Mais do que informação, lançam para a via pública catadupas de “informação”, mais próprias de acção psicológica, seja sobre o inimigo, seja sobre as nossas tropas, do que aquilo que os cidadãos esperariam de órgãos de comunicação social. Assim se transformando, também eles, em autênticos combatentes.
Como temos visto, porque a “outra parte” se tem encarregado de o desmascarar, de um e outro lugar, isto é, de uma e outra parte, o recurso à criação e utilização de notícias falsas (hoje conhecidas por fake news) atingiu tal intensidade que torna difícil a um cidadão ficar devidamente elucidado. O que, pelo que se tem visto, pouco interessa à maioria das pessoas. Lamentavelmente, nesta como em muitas outras situações, cada um acredita no que quer acreditar. E quando a “informação ” recebida vai ao encontro disso …

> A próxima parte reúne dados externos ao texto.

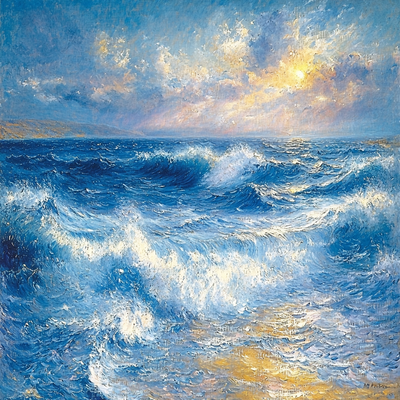 J.M.W. Turner Inspired Waves Of Emotion Paint By Number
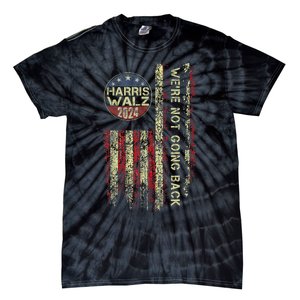 Kamala Harris Tim Walz Waltz Tie-Dye T-Shirt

Esta guerra veio encontrar o panorama da “informação” no nosso país numa situação deveras “interessante”: os ditos comentadores – que substituíram os antigos paineleiros, sem ganhos visíveis – autênticas enciclopédias, pois de tudo percebem e são especialistas, muitas vezes não passando de verdadeiros ignorantes encartados – peroram diariamente nos audiovisuais, tentando formatar a opinião de quem ainda tem pachorra para os ouvir.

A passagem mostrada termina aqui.